「戦う理由」と「生きる意味」

 男Nが応えてくれなかったからというわけではないけど、今日もW杯ネタ。早く応えてくれないとシロウト談義が止まらなくなっちゃうよ~。
 何がかなりんをしてさして詳しくもないサッカーに執着せしめているかというと、またまた日経に沢木耕太郎氏の一文が掲載されていたからなんですね。今回は題して「道を開く『戦う理由』」。おゝ、何とも興味を引く題名ではありませんか。さすがは「深夜特急」、W杯もまたさすらいのノンフィクションの趣でございます。
 沢木氏は先日の日本の試合を観戦し、そしていたく絶望するのです。なぜなら観客席にいる彼の目からも「選手たちの落胆と動揺がはっきりと見て取れた」からです。今までの日本が敗れた試合は、どれもボクシングで言えば「判定負け」風であったのに、今回は完璧「ノックアウト負け」、「それは私たちがワールドカップで初めて目撃する日本代表の無残な負け方だった」と氏は嘆いています。
 そして彼は言います。「ジーコにも問題があった。しかし、それよりさらに大きな問題は選手の側にあった」と。「私はスポーツの勝ち負けをすべて『精神力』に還元してしまう見方を好まない」と前置きしつつ「しかし、オーストラリア戦での日本の敗北の姿は、技術や体力の問題である以上に、精神的な何かの欠如であるようにも思える。」と続けています。
 その「欠如しているもの」それが「戦う理由」だと氏は言うのですね。「東欧圏やアフリカ圏のいくつかの国のように、国家や国民を『戦う理由』にすることはできないかもしれない。それなら自分自身のためでもいい。この大会を自分の悪夢としないために、いやなにより自分の限界を打ち破る契機をつかむために・・・」と。
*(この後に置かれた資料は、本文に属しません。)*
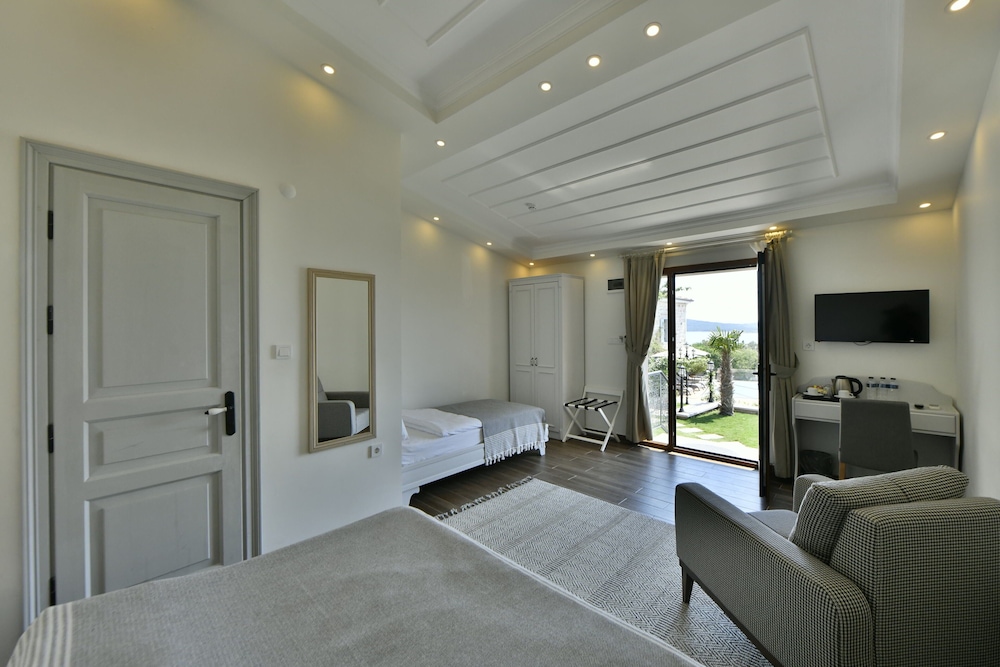 Family Room photo 3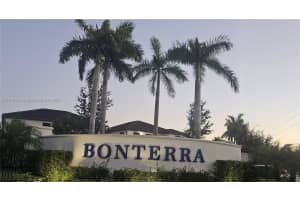 3218 W 97th Ter, Hialeah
 このあたりでちょっと「おやっ」と思い、ふっとよぎったのが「トラパ」こと「トランスパーソナル心理学」。いや似ているこの感触。以前聞いた諸富祥彦氏の講演での氏のアジテート風語り口。「若者に『何をしたいか?』と問う時代は終わった。今こそ『君は何のために生まれて来たのか?』と問わねばならない!」
 「生きる意味」とか「目的」とかを見失い、それを自分の中に探し続けて多くの若者たちが漂流する今の日本。その空気を日本代表である選手たちもまた吸って生きている。昔は正真正銘国家のために戦った若者たちがいたこの国に、今はもう「国家」という概念すらないように思えます。
 ブラジルの選手たちは、そして初出場のトーゴやアンゴラの選手たちは、やはり半分以上は「国家のために」戦うのでしょうか。韓国なんかには「国家」を背負った悲壮感さえ感じられました。そしてもはやそれが「戦う理由」にならない日本の選手たちは何を「自分のため」に見出すのでしょう。
 「そんなものなくていいじゃない」と言ったらサッカーファンに袋叩きにあいそうではあるけれど・・・。「いいじゃないの、負けても悲壮感なく軽やかにかっこよく」ではいけませんかねぇ。どだい「人間は偶然の存在である」という実存主義思想にかぶれた世代である私には「生きる意味」なんて言われてもぴんとこないのよね。まして「戦う理由」なんて・・・。どうなの男N?